As the Chair of this important Review from November 2016 to March 2017, I am delighted to add my agreement to the words of the previous Chair. I have found the work to be detailed, professional and personal, and I commend this final report to all.

Around a year and a half has elapsed since the IR published its Interim Report. This has, however, been for very good reason, the group having awaited the publication of several key studies, including PROSPECT, published at the end of last year. All evidence, including the important new studies, is considered in detail in chapters 4, 5 and 6. Whilst the new evidence has seen those chapters revised considerably since the Interim Report, the remaining chapters remain broadly as before, brought up to date wherever necessary.

I wish to thank the previous Chair, Lesley Wilkie for her caring and thoughtful work from 2014, the previous secretary, Gillian McCallum, of the Scottish Government, for her exacting work bringing in the interim report to publication and the rest of the Review team for the joint effort.

The final stages of completion of the review have been marred by suggestions that evidence has been destroyed or is missing, I am confident that is not so and have written to the Cabinet Secretary for Health and Sport setting out the approach taken. The material presented by one group member and not included in the final report is available on the website with the Declarations of Interest from group members.

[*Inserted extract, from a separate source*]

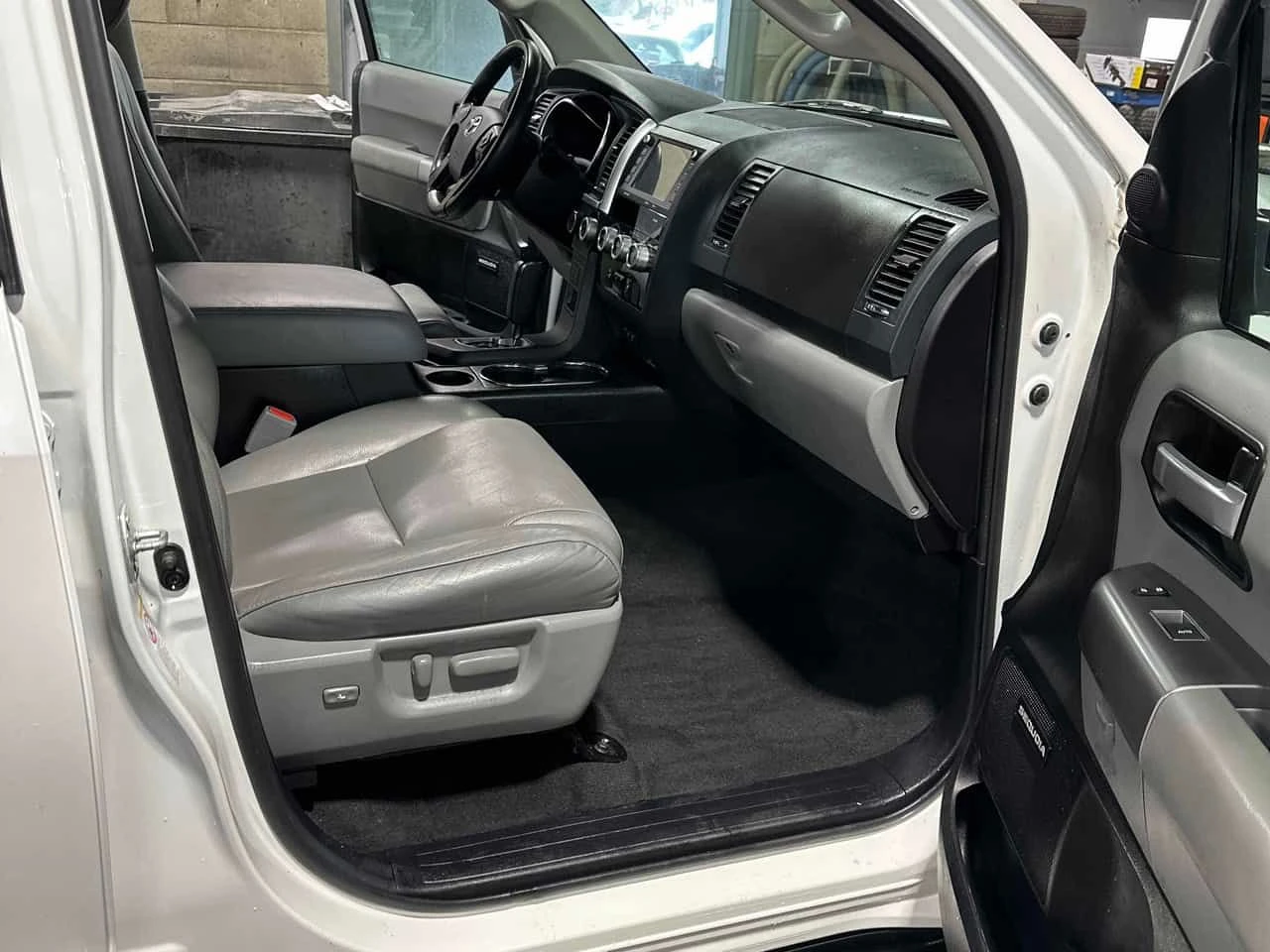 Toyota Sequoia * Limited * 7 МЕСТЕН * 2 КЛЮЧА * ПОДГРЕВИ, снимка 16 - Автомобили и джипове - 54217954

Although three members of the group resigned prior to the completion of the final report, I am grateful to them for their contribution to the development of the report and for their final comments which have been considered in detail prior to the completion of the report.

Developing consensus is never easy and particularly in this area where the underlying clinical conditions cause reductions in their quality of life and misery for many individuals and there is no intervention which is as effective as we would wish, or without risk of complications.